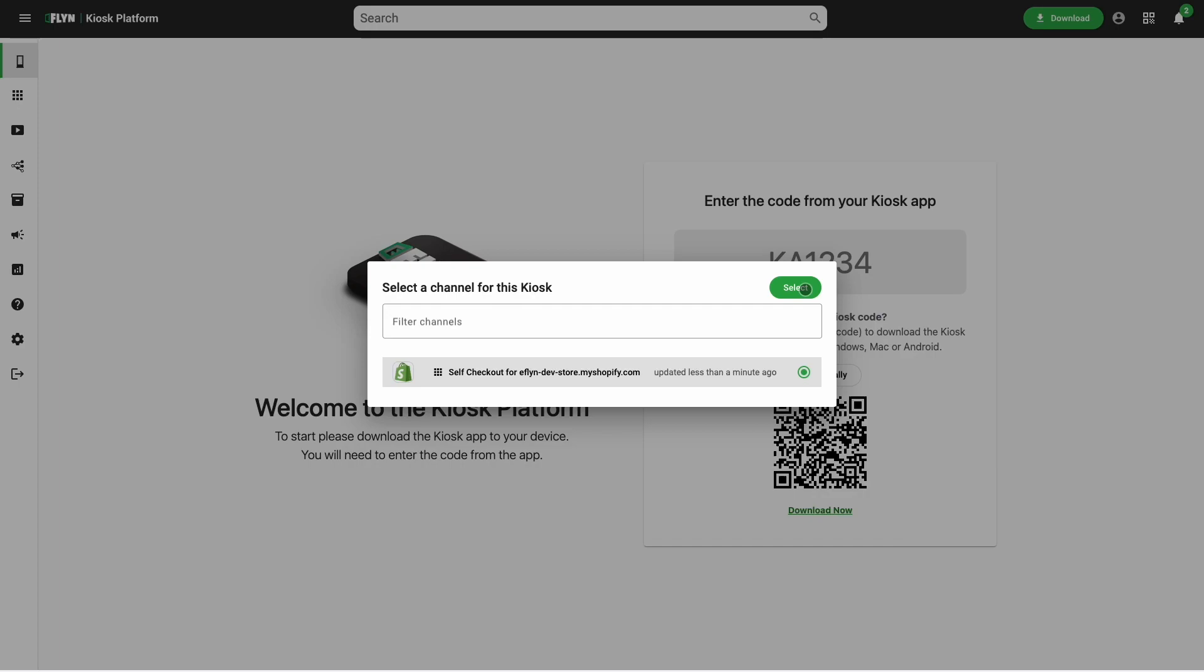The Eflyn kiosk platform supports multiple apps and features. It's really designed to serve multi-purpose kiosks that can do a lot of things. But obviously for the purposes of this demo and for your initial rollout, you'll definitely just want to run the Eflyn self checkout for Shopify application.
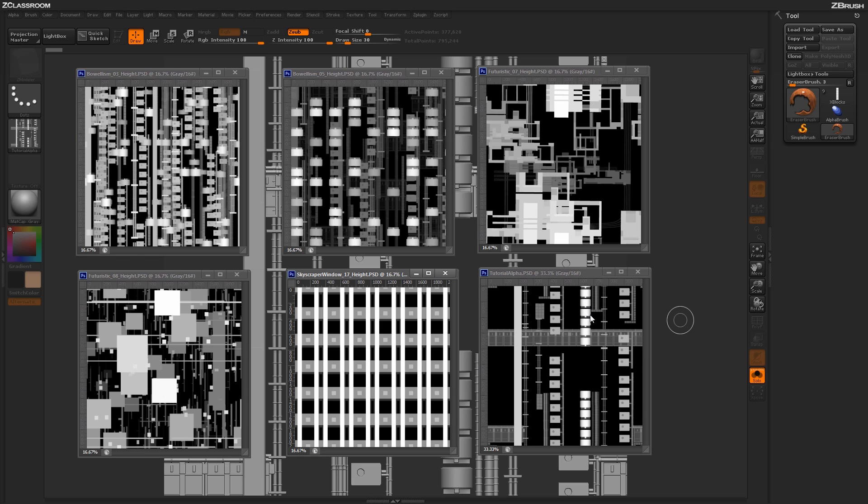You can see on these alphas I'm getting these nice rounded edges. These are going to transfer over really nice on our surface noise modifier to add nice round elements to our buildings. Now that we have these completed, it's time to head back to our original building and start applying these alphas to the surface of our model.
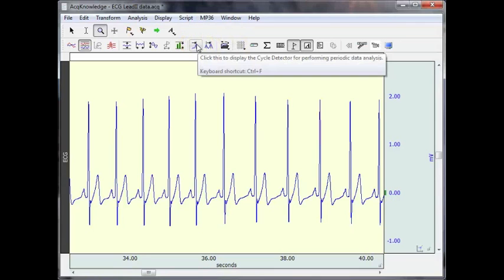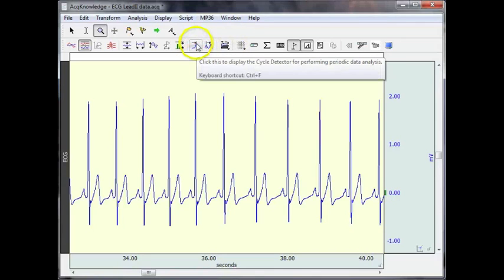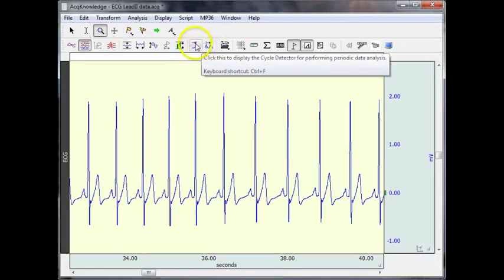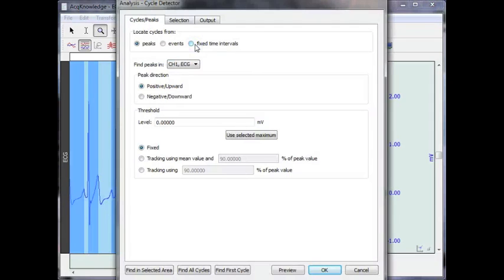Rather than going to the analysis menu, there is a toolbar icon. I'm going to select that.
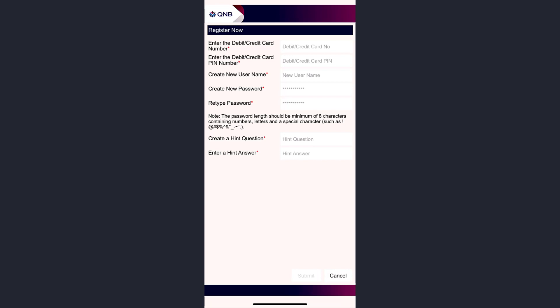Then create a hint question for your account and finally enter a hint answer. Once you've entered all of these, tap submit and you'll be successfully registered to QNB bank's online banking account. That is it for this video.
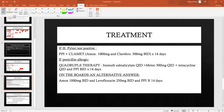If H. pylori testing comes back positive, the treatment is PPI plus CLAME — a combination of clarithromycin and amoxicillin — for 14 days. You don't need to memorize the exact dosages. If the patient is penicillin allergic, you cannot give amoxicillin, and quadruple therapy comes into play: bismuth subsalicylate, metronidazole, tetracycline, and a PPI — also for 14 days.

▸ Aim of the task
Exactly the lines from the top of the entries through the line with "Rather than going", inclusive, must be given again, with every picture omitted.

▸ Exercise solution
The Eflyn kiosk platform supports multiple apps and features. It's really designed to serve multi-purpose kiosks that can do a lot of things. But obviously for the purposes of this demo and for your initial rollout, you'll definitely just want to run the Eflyn self checkout for Shopify application.
You can see on these alphas I'm getting these nice rounded edges. These are going to transfer over really nice on our surface noise modifier to add nice round elements to our buildings. Now that we have these completed, it's time to head back to our original building and start applying these alphas to the surface of our model.
Rather than going to the analysis menu, there is a toolbar icon. I'm going to select that.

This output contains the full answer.